"Dealing with and mourning the death of our wonderful family doctor over the weekend. She cared for 5 Saakes and 2 Camps wonderfully. We will miss her. It is almost like losing a family member. She was also our friend. We went by the office yesterday and cried with some of the staff."It has been a really rough week. (I did finally shed about 3 small tears after I went to bed last night, but it is beyond frustating to be the only dry eye in a group of mourners, like I was yesterday. I so need the physical release of some tears here!) I easily get panicked when I think of where this leaves us medically, but dozens of times a day, God reminds me to trust His plan with that.
Today is I high pain day. I just HURT. Don't know if it is heavy-hearted grief that has the physical pain revved up or what. That would be my guess. Canceled Bible study this morning and slept until almost 10. Long afternoon and evening ahead, so resting while I can.
Congratulations to our oldest and the Reno Coral Academy of Sciences, Metal Falcons team for winning their FTC robotics competition last night. Now on to Las Vegas next month!
|Joshua is to our far right, back row.|
A compilation of stroke statistics posted today on one of the stroke groups I participate in:
Stroke kills almost 130,000 Americans each year—that's 1 out of every 19 deaths. On average, one American dies from stroke every 4 minutes.
Every year, more than 795,000 people in the United States have a stroke. About 610,000 of these are first or new strokes. 34% of those 795,000 US strokes occur to people under the age of 65. Only about 2-3 % are pediatric strokes so that leaves about 32% 18-65.

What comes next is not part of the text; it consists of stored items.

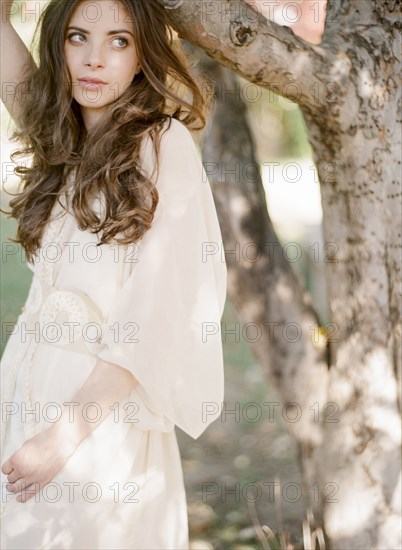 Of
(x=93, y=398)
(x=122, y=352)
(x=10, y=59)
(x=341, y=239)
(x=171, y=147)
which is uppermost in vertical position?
(x=10, y=59)

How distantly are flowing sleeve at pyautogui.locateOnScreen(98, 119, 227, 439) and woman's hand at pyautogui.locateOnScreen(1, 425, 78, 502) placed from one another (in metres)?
0.21

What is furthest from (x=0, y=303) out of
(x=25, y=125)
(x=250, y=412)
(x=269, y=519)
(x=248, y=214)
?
(x=25, y=125)

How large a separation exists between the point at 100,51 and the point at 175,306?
64 centimetres

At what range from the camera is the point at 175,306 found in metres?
1.95

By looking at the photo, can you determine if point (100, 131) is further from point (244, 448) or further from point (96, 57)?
point (244, 448)

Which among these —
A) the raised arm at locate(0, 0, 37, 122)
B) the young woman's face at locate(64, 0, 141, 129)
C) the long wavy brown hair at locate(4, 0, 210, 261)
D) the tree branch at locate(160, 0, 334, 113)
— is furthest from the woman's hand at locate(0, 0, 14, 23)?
the tree branch at locate(160, 0, 334, 113)

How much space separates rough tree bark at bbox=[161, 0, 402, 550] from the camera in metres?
2.30

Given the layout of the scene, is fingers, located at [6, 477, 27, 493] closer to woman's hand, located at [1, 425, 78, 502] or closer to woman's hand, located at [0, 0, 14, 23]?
woman's hand, located at [1, 425, 78, 502]

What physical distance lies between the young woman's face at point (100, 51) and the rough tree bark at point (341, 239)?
0.65ft

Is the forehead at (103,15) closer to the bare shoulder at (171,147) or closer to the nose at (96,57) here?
the nose at (96,57)

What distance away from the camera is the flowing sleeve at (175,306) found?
192cm

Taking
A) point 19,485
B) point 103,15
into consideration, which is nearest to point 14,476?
point 19,485

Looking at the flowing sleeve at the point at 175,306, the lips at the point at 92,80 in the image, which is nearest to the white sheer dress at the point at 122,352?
the flowing sleeve at the point at 175,306

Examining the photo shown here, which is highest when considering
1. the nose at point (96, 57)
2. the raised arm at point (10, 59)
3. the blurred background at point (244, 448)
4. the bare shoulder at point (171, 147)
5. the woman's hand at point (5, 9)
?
the woman's hand at point (5, 9) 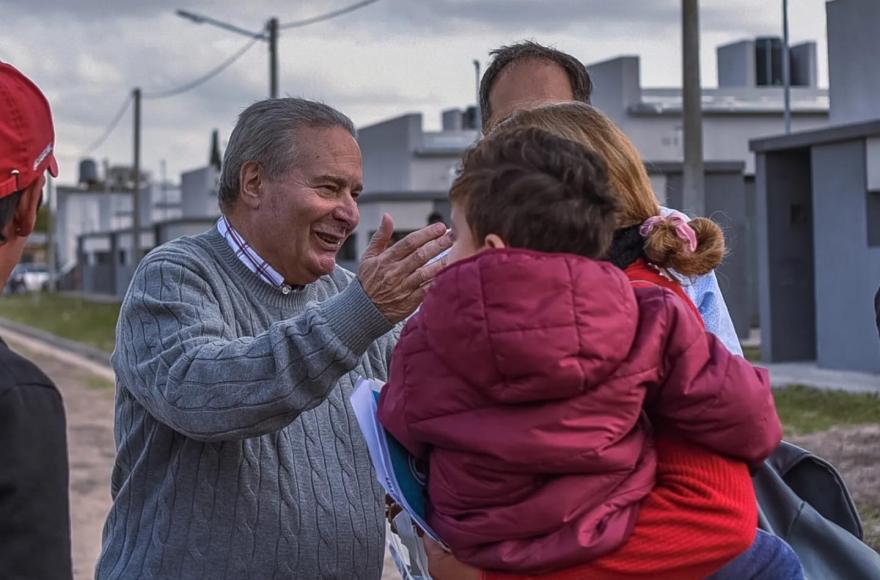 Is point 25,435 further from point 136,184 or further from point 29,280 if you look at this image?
point 29,280

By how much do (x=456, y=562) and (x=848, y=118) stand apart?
15403 mm

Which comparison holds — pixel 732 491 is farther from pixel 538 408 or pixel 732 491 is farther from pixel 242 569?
pixel 242 569

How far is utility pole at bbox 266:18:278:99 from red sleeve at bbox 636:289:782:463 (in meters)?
23.0

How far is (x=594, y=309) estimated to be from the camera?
198 cm

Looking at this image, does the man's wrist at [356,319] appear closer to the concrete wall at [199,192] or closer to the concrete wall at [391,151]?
the concrete wall at [391,151]

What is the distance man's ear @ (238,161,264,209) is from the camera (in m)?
2.95

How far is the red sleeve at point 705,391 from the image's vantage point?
6.57 feet

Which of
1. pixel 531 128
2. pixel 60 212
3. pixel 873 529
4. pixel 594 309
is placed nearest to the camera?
pixel 594 309

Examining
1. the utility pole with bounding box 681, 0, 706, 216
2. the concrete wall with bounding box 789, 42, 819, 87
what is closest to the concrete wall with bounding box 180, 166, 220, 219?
the concrete wall with bounding box 789, 42, 819, 87

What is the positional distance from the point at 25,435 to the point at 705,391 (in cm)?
101

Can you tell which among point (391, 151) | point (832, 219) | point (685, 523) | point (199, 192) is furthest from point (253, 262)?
point (199, 192)

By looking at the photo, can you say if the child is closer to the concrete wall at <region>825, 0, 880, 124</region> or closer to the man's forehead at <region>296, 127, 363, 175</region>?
the man's forehead at <region>296, 127, 363, 175</region>

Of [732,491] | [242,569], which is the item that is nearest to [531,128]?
[732,491]

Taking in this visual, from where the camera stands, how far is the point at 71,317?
124ft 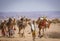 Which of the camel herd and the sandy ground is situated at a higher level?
the camel herd

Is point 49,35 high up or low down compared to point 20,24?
down

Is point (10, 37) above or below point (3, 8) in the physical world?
below

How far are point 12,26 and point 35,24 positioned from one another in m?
0.35

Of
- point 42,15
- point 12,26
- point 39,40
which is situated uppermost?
point 42,15

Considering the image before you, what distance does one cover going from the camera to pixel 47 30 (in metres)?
2.45

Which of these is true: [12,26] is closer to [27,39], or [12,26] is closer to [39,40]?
[27,39]

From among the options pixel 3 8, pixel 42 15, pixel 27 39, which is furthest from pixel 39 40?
pixel 3 8

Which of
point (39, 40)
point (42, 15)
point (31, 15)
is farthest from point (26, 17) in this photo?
point (39, 40)

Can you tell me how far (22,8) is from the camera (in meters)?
2.53

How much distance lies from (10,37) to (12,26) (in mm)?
167

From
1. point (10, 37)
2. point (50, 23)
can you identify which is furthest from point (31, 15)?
point (10, 37)

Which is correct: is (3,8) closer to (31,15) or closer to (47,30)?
(31,15)

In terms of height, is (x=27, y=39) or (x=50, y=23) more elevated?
(x=50, y=23)

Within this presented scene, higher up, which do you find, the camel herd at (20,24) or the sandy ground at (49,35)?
the camel herd at (20,24) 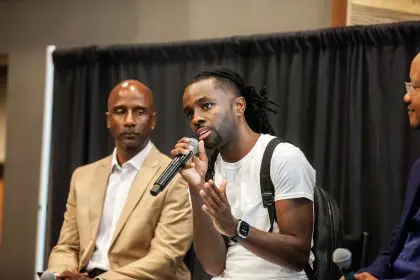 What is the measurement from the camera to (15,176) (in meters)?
4.57

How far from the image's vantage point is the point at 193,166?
2275 millimetres

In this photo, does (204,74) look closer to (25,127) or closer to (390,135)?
(390,135)

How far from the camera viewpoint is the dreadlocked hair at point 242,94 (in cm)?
259

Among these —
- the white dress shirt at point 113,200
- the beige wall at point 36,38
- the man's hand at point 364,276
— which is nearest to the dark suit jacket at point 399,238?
the man's hand at point 364,276

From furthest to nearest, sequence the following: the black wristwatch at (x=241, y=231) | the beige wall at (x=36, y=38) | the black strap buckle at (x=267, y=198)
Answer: the beige wall at (x=36, y=38) → the black strap buckle at (x=267, y=198) → the black wristwatch at (x=241, y=231)

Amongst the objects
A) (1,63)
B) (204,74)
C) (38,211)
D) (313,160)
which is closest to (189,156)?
(204,74)

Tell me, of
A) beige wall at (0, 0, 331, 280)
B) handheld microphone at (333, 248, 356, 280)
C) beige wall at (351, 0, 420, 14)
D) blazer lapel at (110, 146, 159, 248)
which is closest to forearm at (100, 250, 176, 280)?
blazer lapel at (110, 146, 159, 248)

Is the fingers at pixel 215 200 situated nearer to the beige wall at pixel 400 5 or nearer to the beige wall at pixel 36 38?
the beige wall at pixel 400 5

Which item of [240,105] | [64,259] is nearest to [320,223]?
[240,105]

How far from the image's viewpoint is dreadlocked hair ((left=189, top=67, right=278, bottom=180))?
2592 mm

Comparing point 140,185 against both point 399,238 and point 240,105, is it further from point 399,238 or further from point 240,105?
point 399,238

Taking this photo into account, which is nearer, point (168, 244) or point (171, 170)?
point (171, 170)

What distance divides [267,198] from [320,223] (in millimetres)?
275

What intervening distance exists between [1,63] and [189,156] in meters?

|One of my all-time favorite phrases!|
I am involved in very many different online stroke support and/or informational groups. One of my personal favorites, an imaginary "coffee house" where strokies gather to chat about anything and everything stoke-related, is led by a stroke-survivor-become-friend named Amanda Breckenride. Amanda has an amazing story of God's grace after her aneurysm rupture and strokes at age 35, requiring life flight in 2001. A nurse, with a beautiful voice, who wrote her own songs, Amanda was left unable to walk, talk clearly or sing. She has created an entire line of YouTube videos from one stroke survivor to encourage others along the journey of reclaiming what was lost. Here is one such video. I tried this one (intentionally recorded sideways to help us better focus on the specific oral training) this morning and could hit about 3/4 of the notes with accuracy, but had next to no breath support nor melodic fluidity between notes. To think where Amanda has come from and hear how far she has come now, I am hopeful for continued improvement in this area as well.